Cinéma «Lost in la Mancha» raconte comment la malchance a ruiné le beau projet de Terry Gilliam. Jadis, Orson Welles avait aussi échoué à adapter le roman de Cervantès. Le récit d'Antoine Duplan.
Qu'on se souvienne, entre autres images extraordinaires, des tuyauteries hallucinées et du plombier-justicier qui se défait en papier journal dans Brazil.
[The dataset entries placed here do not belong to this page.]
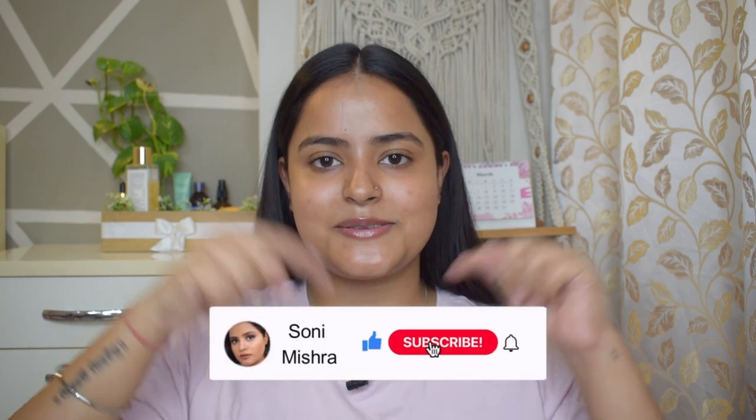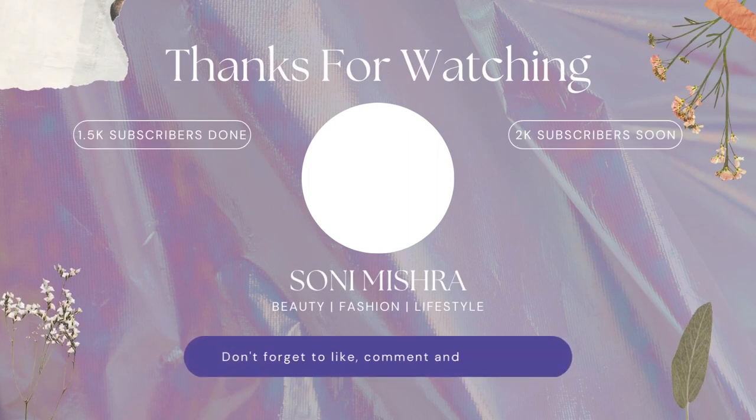I will link both products in the description box. These two products are really really great and I love using them in summers during the daytime. I have also shared my nighttime summer routine before — I'll link those products too so you can check them out. That's the end of today's video. I hope you liked it — please hit the like button. Drop any questions or product recommendations in the comment box below. If you haven't subscribed yet, please hit that red subscribe button and the notification bell. I'll see you very soon in my next video — till then, stay safe, stay healthy, bye bye.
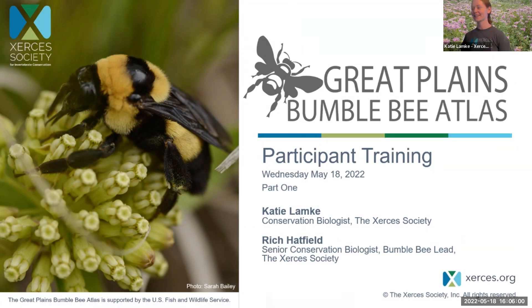Welcome. Thank you for joining us tonight. This is going to be a two-part training. We have tonight to talk about bumblebee ecology and some of the threats they're facing, and then tomorrow night will be the second part where we really dive into how the project works, how you conduct surveys, and everything.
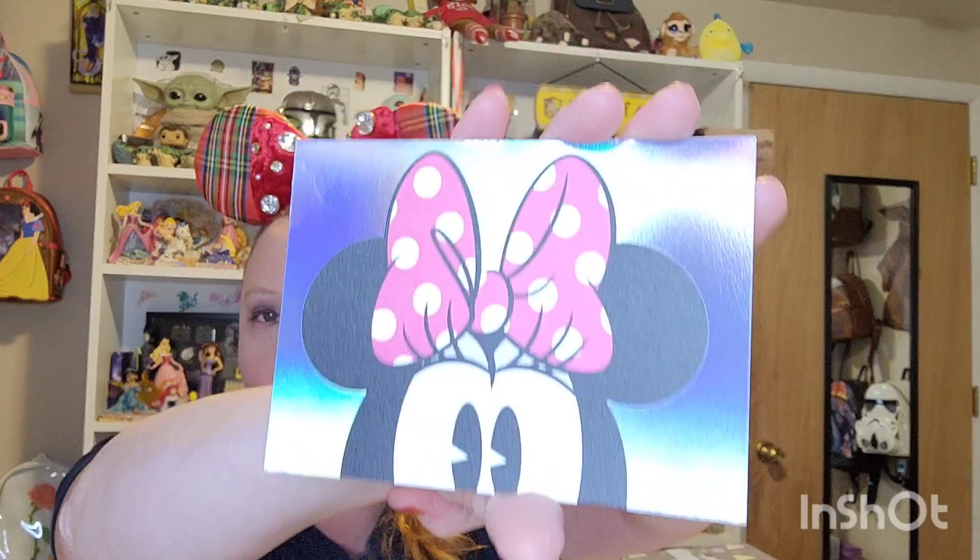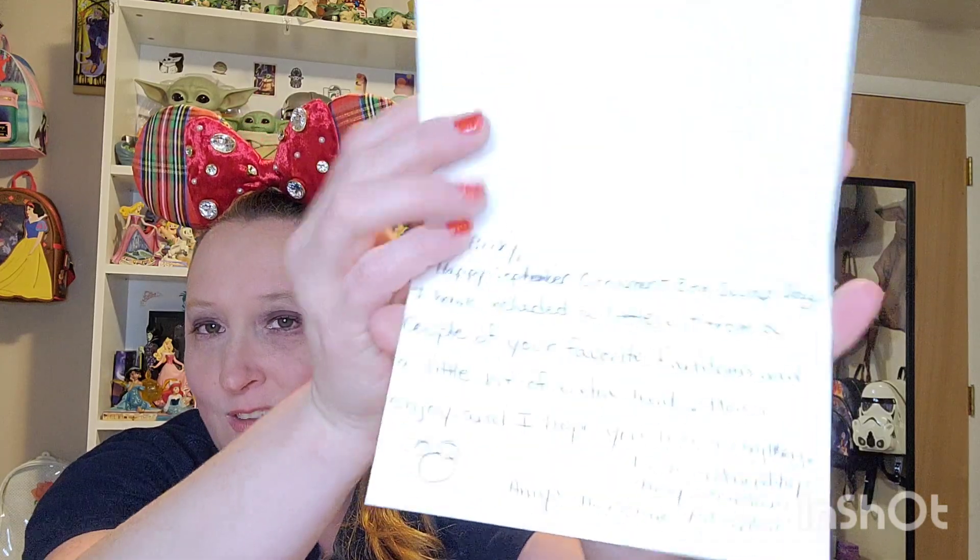There's a cute little mini card — Mickey on the front — and it is the classic. If you know, you know when you see this card, because she sends these cards out all the time. It's holographic mini with a cute little pink bow on her head, and this is from Amy over at Amy's Awesome Adventure. The card says: 'Dear Becky, Happy September ornament swap day. I've included a little bit from a couple of your favorite fandoms and a little bit of extra treats. Please enjoy and I hope you love everything. Love and friendship, Amy Steinberg over at Amy's Awesome Adventure.' Thank you so much, Amy, for the sweet card. Let's go ahead and get into it.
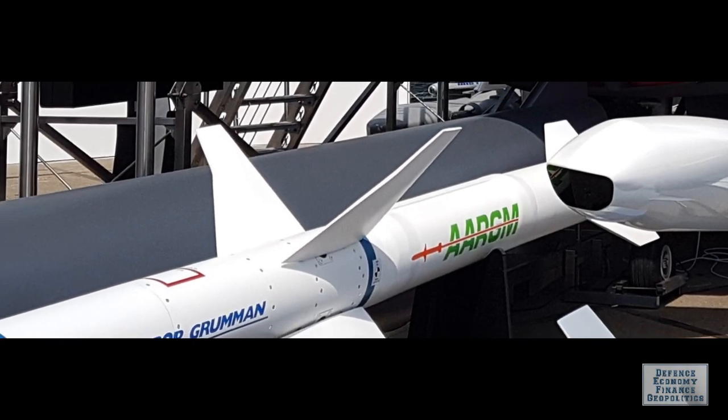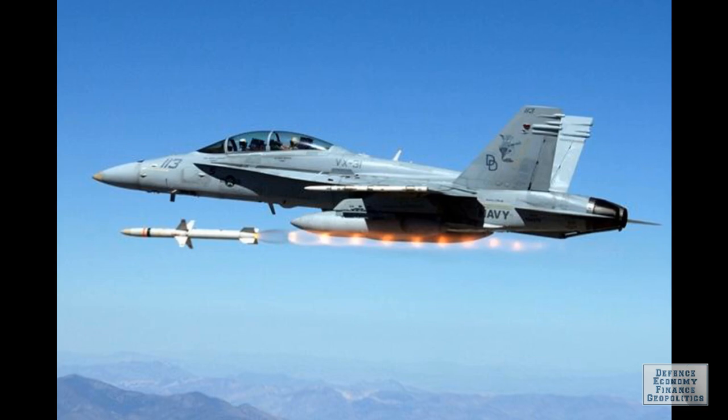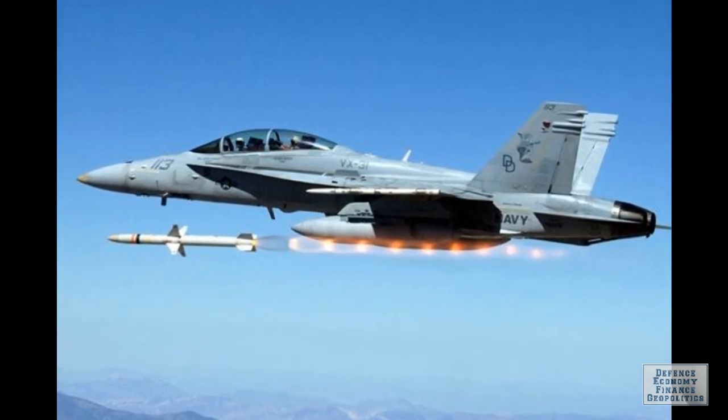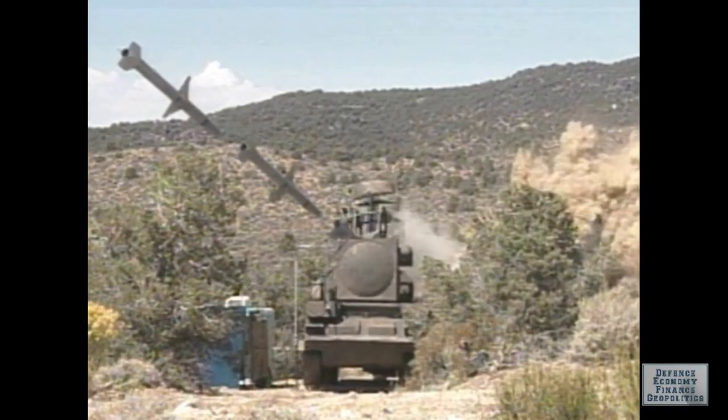Northrop Grumman recently completed the third live-fire test of the extended-range AGM-88G advanced anti-radiation guided missile. The U.S. Navy launched the missile from an F/A-18 Super Hornet, and the missile successfully performed as expected by identifying and engaging a land-based air defense radar system.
Qu'on se souvienne de la montgolfière cousue de sous-vêtements féminins à bord de laquelle le Baron de Munchausen s'évade ou de la tresse de cheveux dont il se sert pour descendre de la lune. Qu'on se souvienne des girafes galopant sur l'autoroute new-yorkaise dans L'Armée des 12 Singes... Au sein des Monty Python ou en solo, Terry Gilliam est un des derniers cinéastes à tailler ses films dans l'étoffe des rêves. Il en résulte des tournages épiques qui frôlent la banqueroute.
Cet inépuisable visionnaire nourrissait depuis le début des années 90 un rêve immense: tourner un Don Quichotte. Ajourné une première fois pour des raisons économiques, le projet finit par trouver des comédiens sur lesquels il est possible de monter un financement entièrement européen: Johnny Depp doit tenir le rôle de Sancho Pança, sa compagne Vanessa Paradis celui de Dulcinée, la paysanne que Don Quichotte a élue comme Dame de ses pensées.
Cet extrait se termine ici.